## [Input for this task]
==============================

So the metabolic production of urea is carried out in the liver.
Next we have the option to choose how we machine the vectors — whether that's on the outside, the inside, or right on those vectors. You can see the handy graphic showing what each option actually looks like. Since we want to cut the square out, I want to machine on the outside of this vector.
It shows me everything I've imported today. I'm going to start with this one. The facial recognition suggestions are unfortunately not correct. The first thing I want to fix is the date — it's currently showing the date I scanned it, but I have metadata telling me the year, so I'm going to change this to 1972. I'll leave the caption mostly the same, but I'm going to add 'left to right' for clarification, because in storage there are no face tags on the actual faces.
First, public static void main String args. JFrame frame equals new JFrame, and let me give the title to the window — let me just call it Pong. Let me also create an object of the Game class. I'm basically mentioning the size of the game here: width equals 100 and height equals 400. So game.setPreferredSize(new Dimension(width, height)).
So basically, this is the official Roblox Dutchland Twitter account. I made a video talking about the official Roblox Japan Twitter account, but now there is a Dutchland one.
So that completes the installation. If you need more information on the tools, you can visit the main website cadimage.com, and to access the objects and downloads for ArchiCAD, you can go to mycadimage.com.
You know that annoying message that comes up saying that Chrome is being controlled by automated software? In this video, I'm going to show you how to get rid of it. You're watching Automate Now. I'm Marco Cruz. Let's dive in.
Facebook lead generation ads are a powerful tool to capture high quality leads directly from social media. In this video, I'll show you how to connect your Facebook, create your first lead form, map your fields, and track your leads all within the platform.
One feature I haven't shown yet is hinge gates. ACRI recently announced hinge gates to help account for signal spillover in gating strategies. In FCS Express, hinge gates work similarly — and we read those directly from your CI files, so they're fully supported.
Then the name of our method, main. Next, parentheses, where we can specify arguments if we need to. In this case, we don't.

==============================

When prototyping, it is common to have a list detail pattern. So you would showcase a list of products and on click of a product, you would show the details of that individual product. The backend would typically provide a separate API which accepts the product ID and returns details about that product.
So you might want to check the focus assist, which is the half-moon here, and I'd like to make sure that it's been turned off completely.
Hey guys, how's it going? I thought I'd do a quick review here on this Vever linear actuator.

==============================

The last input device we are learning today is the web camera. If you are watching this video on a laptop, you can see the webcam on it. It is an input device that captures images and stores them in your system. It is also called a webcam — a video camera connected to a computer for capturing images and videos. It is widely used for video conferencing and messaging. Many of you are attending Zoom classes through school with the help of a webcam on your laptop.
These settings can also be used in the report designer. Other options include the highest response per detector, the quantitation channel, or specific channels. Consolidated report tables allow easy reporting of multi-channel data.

==============================

## [Work instructions]
The answer is the lines above between the line holding "So that completes" and the line holding "You know that", inclusive, each written out exactly, and no others.

## [Output for this task]
So that completes the installation. If you need more information on the tools, you can visit the main website cadimage.com, and to access the objects and downloads for ArchiCAD, you can go to mycadimage.com.
You know that annoying message that comes up saying that Chrome is being controlled by automated software? In this video, I'm going to show you how to get rid of it. You're watching Automate Now. I'm Marco Cruz. Let's dive in.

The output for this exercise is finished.